She was to be a watchwoman, now. Perhaps in many years it might be she was able to set down the black cloak and become a peer of Peredur once more, but until her oaths had run their course she must bind her pride to what she had sworn and not what she grieved. To keep an exile’s means only strengthens the trick being played, Angharad reminded herself. Let her feel pride in being a dutiful watchwoman, then, rather shame at being lackluster noble.
Though she had washed her body and hair, then redone her braids with the maid’s help, eventually Angharad ran out of reasons to dither upstairs and had to join the Eirenos in attending to the unwelcome guest. She found the three seated outside, in a garden pavilion that overlooked the dancing square.
Lady Theofania Varochas was, to her surprise, quite small. Shorter than Shalini, and slender in a way the gunslinger most definitely was not. She was darker in tan than most Asphodelians, with long black hair and thick eyelashes framing a strong bridge nose. Not a great beauty, Angharad thought, but hardly uncomely. Around the corner of slender black eyebrows touches of blue cosmetics evoked a butterfly’s wings, matching her long blue-and-white gown whose stripes all the way down.

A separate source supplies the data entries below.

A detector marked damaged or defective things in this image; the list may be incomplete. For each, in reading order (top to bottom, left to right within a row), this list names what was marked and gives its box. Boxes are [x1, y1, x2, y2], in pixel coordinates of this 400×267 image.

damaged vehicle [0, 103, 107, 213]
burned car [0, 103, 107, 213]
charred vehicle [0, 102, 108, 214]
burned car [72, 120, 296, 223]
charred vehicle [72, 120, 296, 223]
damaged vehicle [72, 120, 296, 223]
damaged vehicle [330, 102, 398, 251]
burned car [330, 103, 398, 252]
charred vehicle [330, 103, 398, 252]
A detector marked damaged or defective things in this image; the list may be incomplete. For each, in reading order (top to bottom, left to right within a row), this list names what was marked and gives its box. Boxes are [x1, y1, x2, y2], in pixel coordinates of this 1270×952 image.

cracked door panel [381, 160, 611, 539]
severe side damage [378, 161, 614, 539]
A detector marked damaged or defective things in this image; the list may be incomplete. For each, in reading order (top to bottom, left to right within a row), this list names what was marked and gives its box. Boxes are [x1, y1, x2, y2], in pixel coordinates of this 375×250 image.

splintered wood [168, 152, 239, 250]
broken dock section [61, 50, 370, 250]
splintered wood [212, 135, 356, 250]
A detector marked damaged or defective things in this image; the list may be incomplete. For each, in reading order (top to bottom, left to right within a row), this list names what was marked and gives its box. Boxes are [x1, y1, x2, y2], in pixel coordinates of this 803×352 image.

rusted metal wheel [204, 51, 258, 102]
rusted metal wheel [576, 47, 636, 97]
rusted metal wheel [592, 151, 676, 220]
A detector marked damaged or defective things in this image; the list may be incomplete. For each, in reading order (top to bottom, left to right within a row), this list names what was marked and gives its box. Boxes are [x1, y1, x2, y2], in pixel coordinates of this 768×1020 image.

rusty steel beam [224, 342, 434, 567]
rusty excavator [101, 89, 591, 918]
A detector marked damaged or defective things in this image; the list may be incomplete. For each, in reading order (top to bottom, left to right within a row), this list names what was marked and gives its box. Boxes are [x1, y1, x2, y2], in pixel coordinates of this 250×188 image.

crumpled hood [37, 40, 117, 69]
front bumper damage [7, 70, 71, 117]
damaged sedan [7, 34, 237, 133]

Lord Cleon did not consider the Varochas all that wealthy, but they had sent their daughter into society bearing long earrings of gold and lapis with matching bangle bracelets and a splendid necklace made of polished, rectangular gold stripes. Either she had been sent with the family jewels, Angharad thought, or the Varochas had spent a fortune on adorning her to impress. Either way, it was a decision implying that the full weight of her house stood behind her.
Such a weight could be a great support, Angharad thought, but also a crushing burden. She wondered which one it was for Lady Theofania.
“And who would this be?” said Lady Theofania called out, a glass of wine in hand.
Cleon had pointedly sat as far as he could from her while still being at the same table, Lady Penelope settling between them to make the small slight less noticeable. Neither of them had a cup in hand, much less of wine, a subtle rebuke to their early guest.
“I present you Lady Angharad Tredegar, of Peredur,” Lady Penelope said.
She was radiant in a simple green grown, though there was hardly a thing on Vesper that would not suit such a beauty.
“Is she now?” Theofania said. “I had assumed otherwise, as my cousin described her wearing a similar gown at Lord Menander’s green party.”
The dark-haired lady offered a sharp little smile.
“You must believe it suits you very well, to favor it so.”
And just like that any half-formed consideration of sympathy evaporated. In Peredur, Angharad would have put a nasty cut on her champion’s nose for such words. Or Theofania’s own, if she wore duelist’s straps. But matters were not settled that way on Asphodel, and even if they had been she was not fit to be her own champion. She must, thus, match wind to wind.
“I do,” she directly replied, pushing down embarrassment. “Do you disagree?”
Surprise on Lady Theofania’s face, and an amused chuckle from Lady Penelope – who Angharad could not help but notice was appreciating the generous cut of the gown. Her ears reddened.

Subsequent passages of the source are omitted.